**Exercise brief:** From the listing below, output the lines between the one with "a white circular" and the one with "istock Padel blade", including those two, and nothing else. Pictures are not copied.

╭─ Data to process

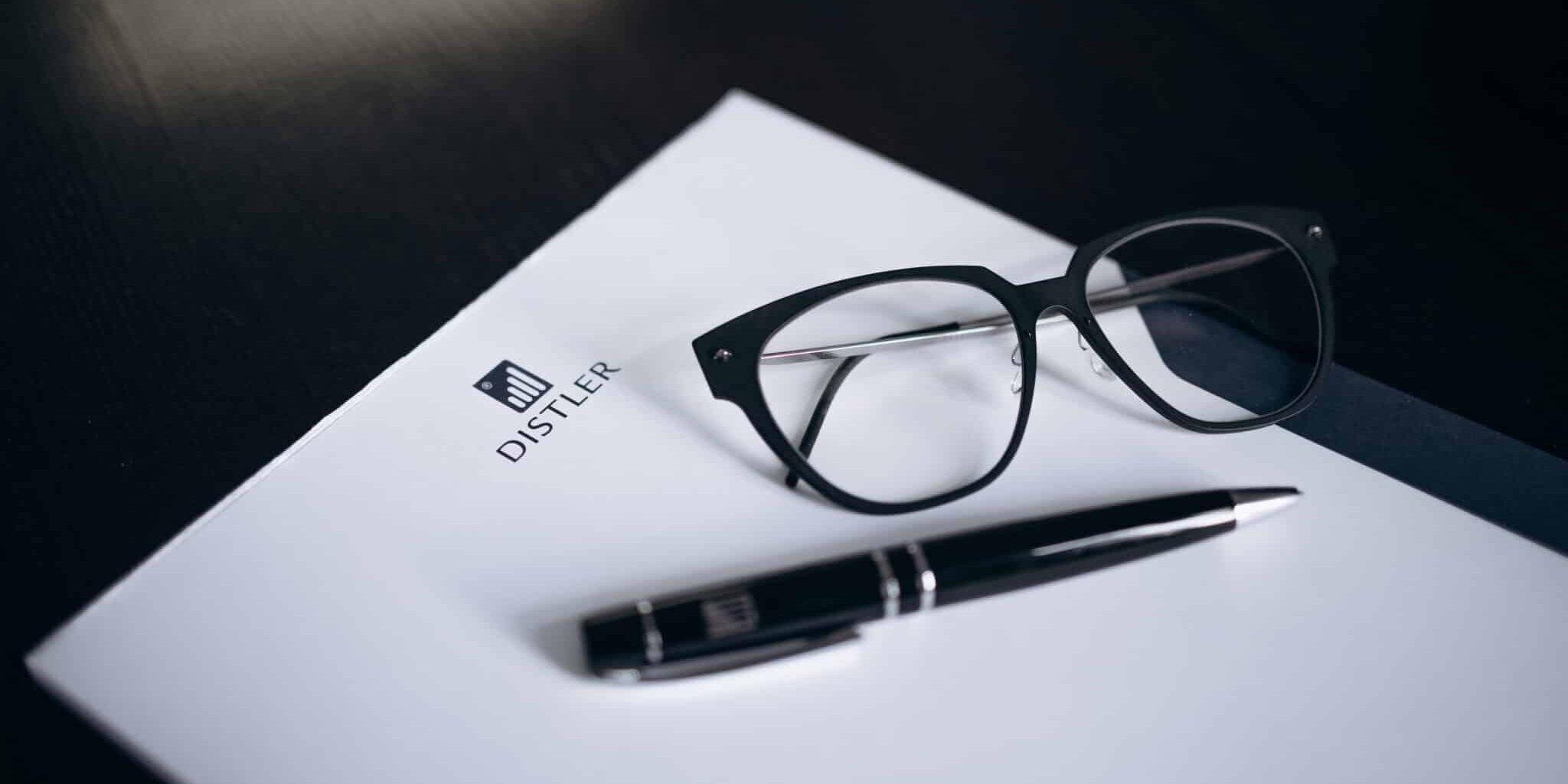 Schwarze Brille und schwarzer Kugelschreiber mit silbernen Details liegen auf einem weißen Schreibblock mit DISTLER-Logo, Hintergrund ist eine dunkle Tischoberfläche.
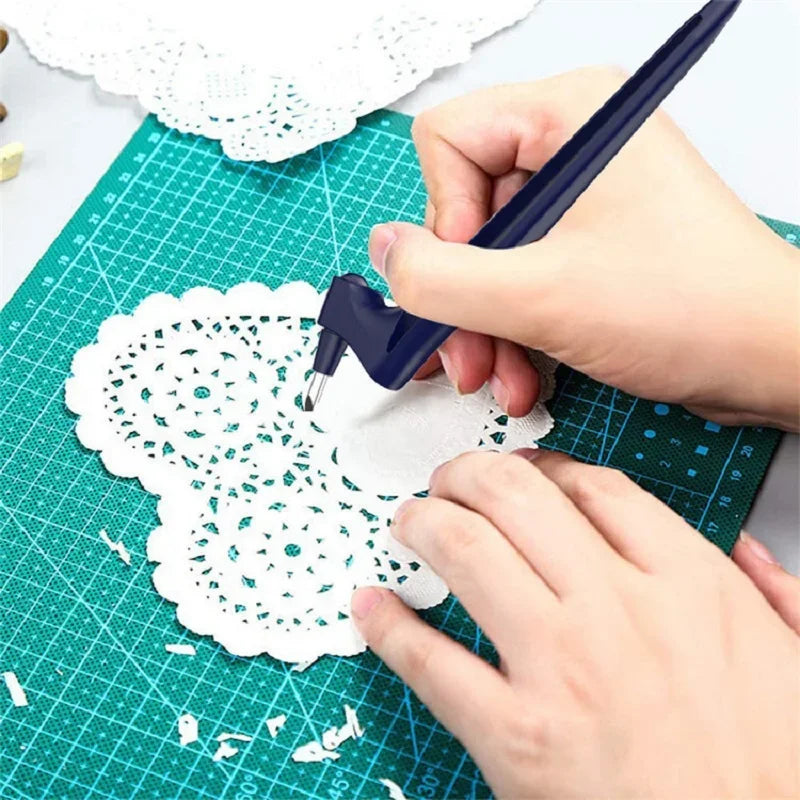A hand uses a dark blue precision craft knife to cut intricate lace patterns on white paper on a green cutting mat.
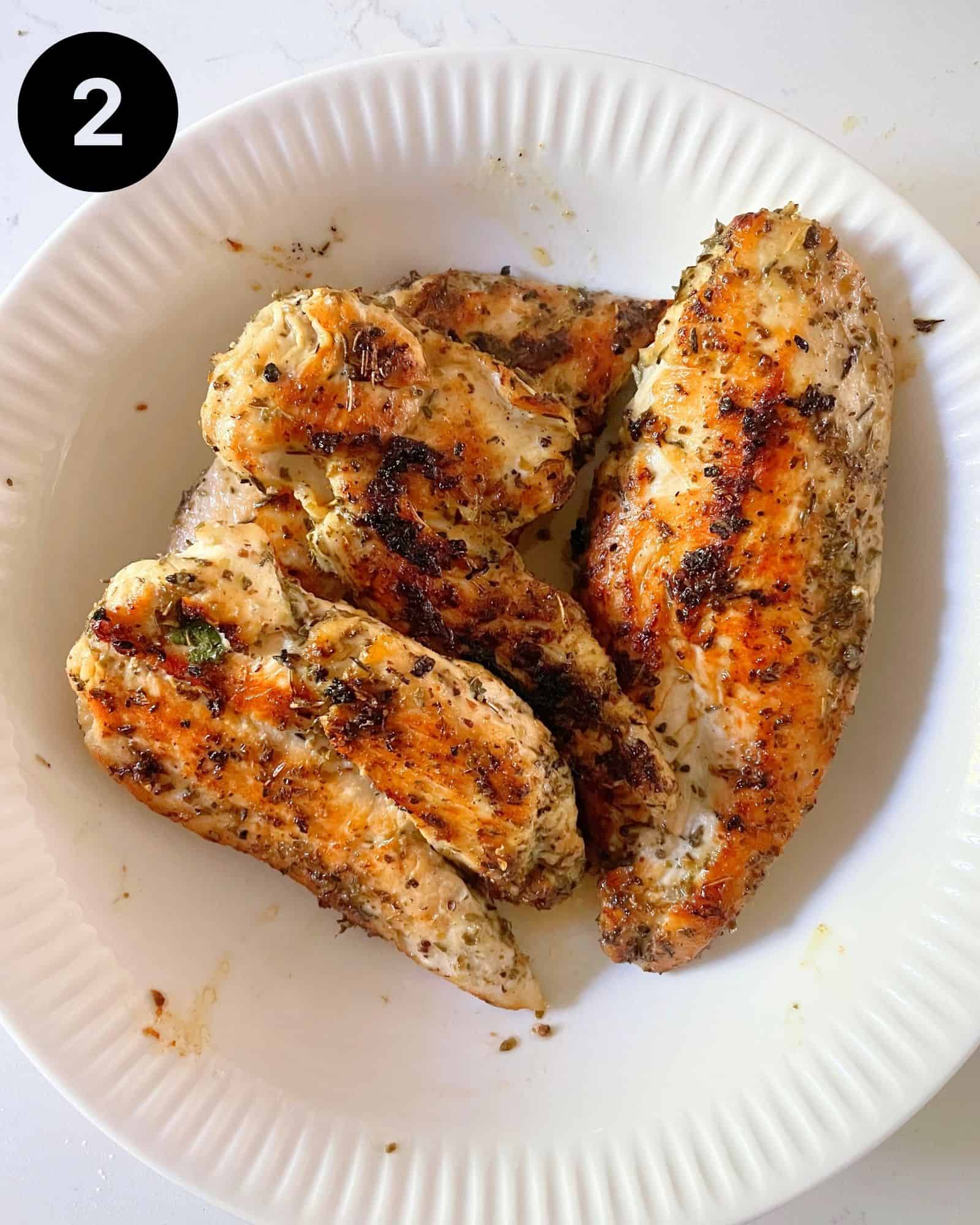 grilled chicken breasts in a bowl.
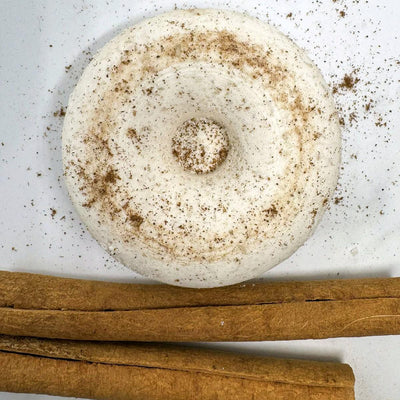 a white circular cinnamon shower steamer with decorative cinnamon sticks  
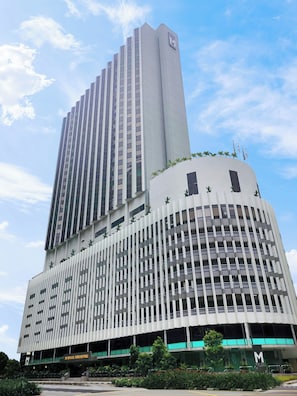 Ein Hotel mit einem hohen, zentralen Turm, einem gewölbten Unterteil und einem Schild, das darauf hinweist, dass es sich in Singapur befindet.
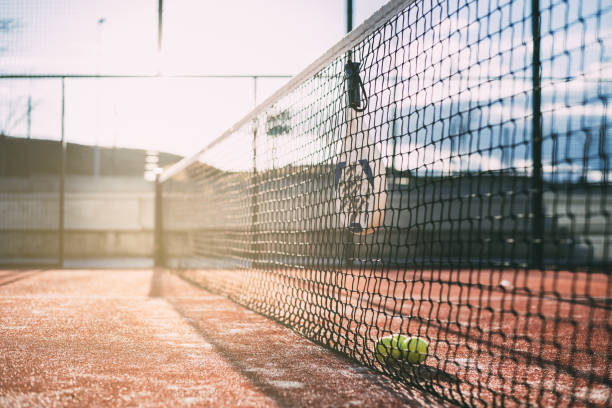 istock Padel blade racket hanging on the net 1080226254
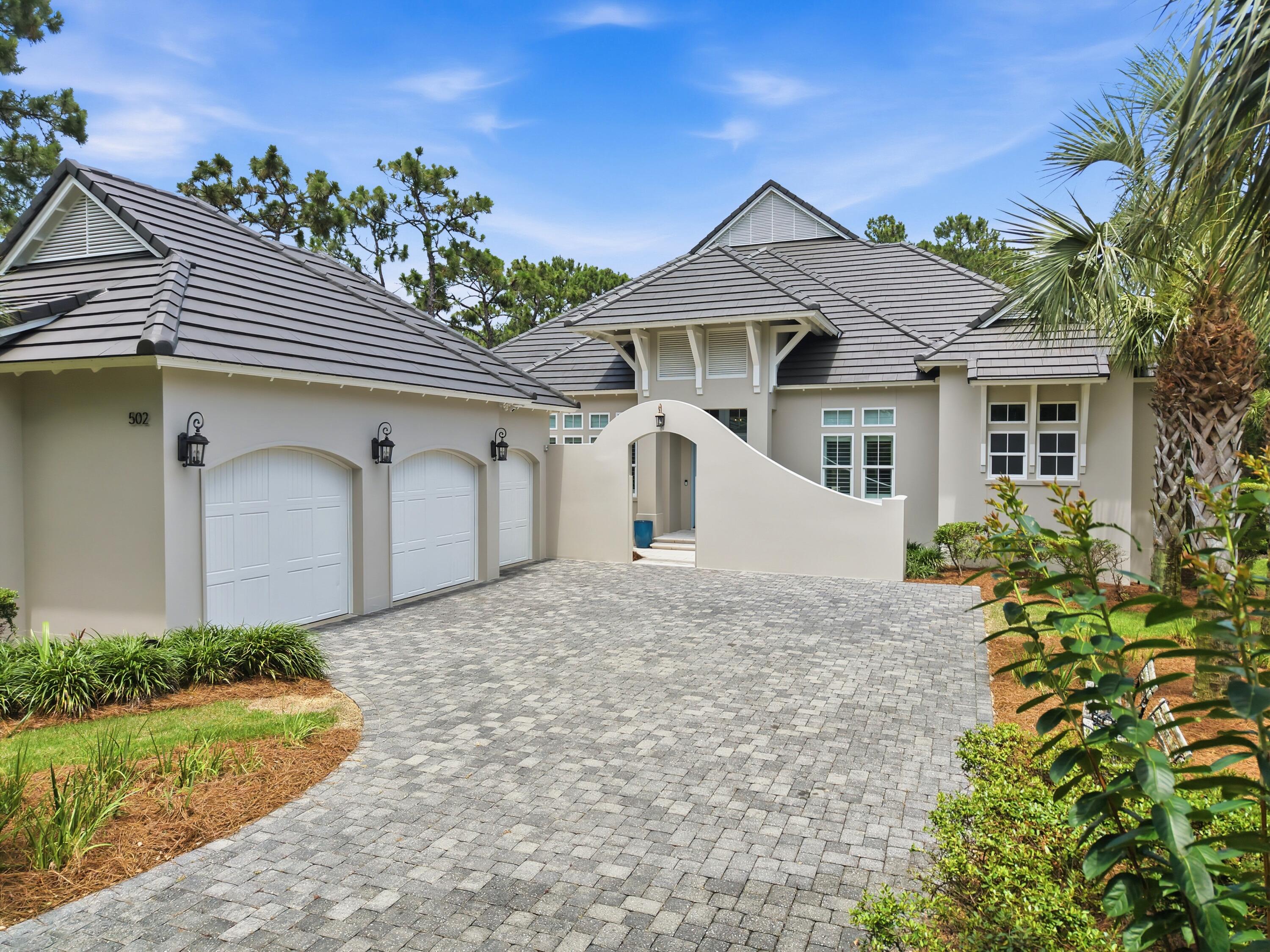 Custom-built pool home in the prestigious, gated Regatta Bay golf community offers the perfect blend of refined elegance and effortless coastal living. A dramatic 12-foot coffered foyer with reclaimed solid wood accents greets you, complemented by custom 8-foot mahogany entry doors. The spacious living area, anchored by a fireplace, flows seamlessly into the chef's kitchen under an impressive open floor plan featuring soaring ceilings, rich hardwood floors, and abundant natural light. Floor-to-ceiling sliders in the living area frame breathtaking views of the outdoor entertainment area, complete with a summer kitchen, heated pool, and hot tub -- creating a warm yet sophisticated atmosphere perfect for relaxed living and elegant indoor-outdoor entertaining. The chef's kitchen is a showstopper, featuring luxurious quartz countertops, a massive quartz island, a 48-inch Thermador gas range, Sub-Zero refrigerator, polished nickel hardware, a walk-in pantry, and a wet bar with icemaker. The first-floor primary suite is a true retreat, complete with a sitting area offering serene pool views, dual walk-in closets, and a spa-like bath with double vanities, a deep soaking tub, and a separate tiled walk-in shower. Also on the main level are a guest suite with en-suite bath and walk-in closet, a flexible third bedroom/office, and an oversized laundry room. Upstairs, a second living area with an additional bonus room provides versatile living space,   with two additional guest bedrooms each feature generous walk-in closets and two full baths. A covered balcony overlooking the pool and golf course offers another peaceful vantage point, and spacious attic storage. This energy-efficient home includes a solar power system, whole-house generator, impact-resistant windows and doors, insulated wind-rated garage doors, spray foam roof insulation, superior sound-dampening insulation, custom solid wood cabinetry and shelving, and Schluter waterproofing systems throughout. Built for year-round living and entertaining, this residence delivers luxury and peace of mind in one of Destin's most sought-after communities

╰─

**Solution to this exercise:**
 a white circular cinnamon shower steamer with decorative cinnamon sticks  
 Ein Hotel mit einem hohen, zentralen Turm, einem gewölbten Unterteil und einem Schild, das darauf hinweist, dass es sich in Singapur befindet.
 istock Padel blade racket hanging on the net 1080226254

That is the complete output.